Sales by a16z Capital Management
On September 9, 2025, a16z Capital Management sold 33,331 shares of Class A Common Stock in multiple transactions. a16z Capital Management sold (i) 11,860 shares of Class A Common Stock at a weighted average price of $37.91 per share, in open market sales with prices ranging from $ 37.40 to $ 38.39; (ii) 18,163 shares of Class A Common Stock at a weighted average price of $38.79 per share, in open market sales with prices ranging from $38.41 to $39.40 and (iii) 3,308 shares of Class A Common Stock at a weighted average price of $39.70 per share, in open market sales with prices ranging from $39.42 to $40.10. a16z Capital Management undertakes to provide to the Issuer, any security holder of the Issuer, or the staff of the SEC, upon request, full information regarding the number of shares sold at each separate price within the ranges set forth in the previous sentence.
Sales by AH LSV I
On September 9, 2025, AH LSV I sold 503,000 shares of Class A Common Stock in multiple transactions. AH LSV I sold (i) 183,868 shares of Class A Common Stock at a weighted average price of $37.90 per share, in open market sales with prices ranging from $37.38 to $38.3789; (ii) 268,420 shares of Class A Common Stock at a weighted average price of $38.78 per share, in open market sales with prices ranging from $38.38 to $39.3791; and (iii) 50,712 shares of Class A Common Stock at a weighted average price of $39.67 per share, in open market sales with prices ranging from $39.38 to $40.10. AH LSV I undertakes to provide to the Issuer, any security holder of the Issuer, or the staff of the SEC, upon request, full information regarding the number of shares sold at each separate price within the ranges set forth in the previous sentence.
Sales by AH Parallel V
On September 9, 2025, AH Parallel V sold 257,000 shares of Class A Common Stock in multiple transactions.
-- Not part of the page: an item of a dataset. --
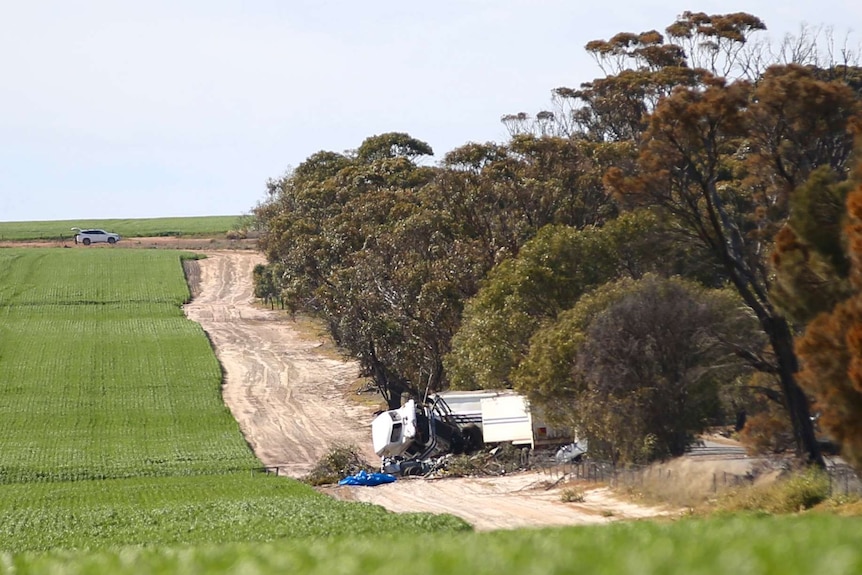 The wreckages of a semi-trailer and a car lie on the side of a country road after a crash.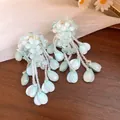 Detailansicht der mintgrünen Blumenperlen-Quastenohrringe mit schönen Tropfenanhängern - Silber-Ohrstecker-Stil / Blau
AH Parallel V sold (i) 93,944 shares of Class A Common Stock at a weighted average price of $37.90 per share, in open market sales with prices ranging from $37.38 to $38.3789; (ii) 137,145 shares of Class A Common Stock at a weighted average price of $38.78 per share, in open market sales with prices ranging from $38.38 to $39.3791; and (iii) 25,911 shares of Class A Common Stock at a weighted average price of $39.67 per share, in open market sales with prices ranging from $39.38 to $40.10. AH Parallel V undertakes to provide to the Issuer, any security holder of the Issuer, or the staff of the SEC, upon request, full information regarding the number of shares sold at each separate price within the ranges set forth in the previous sentence.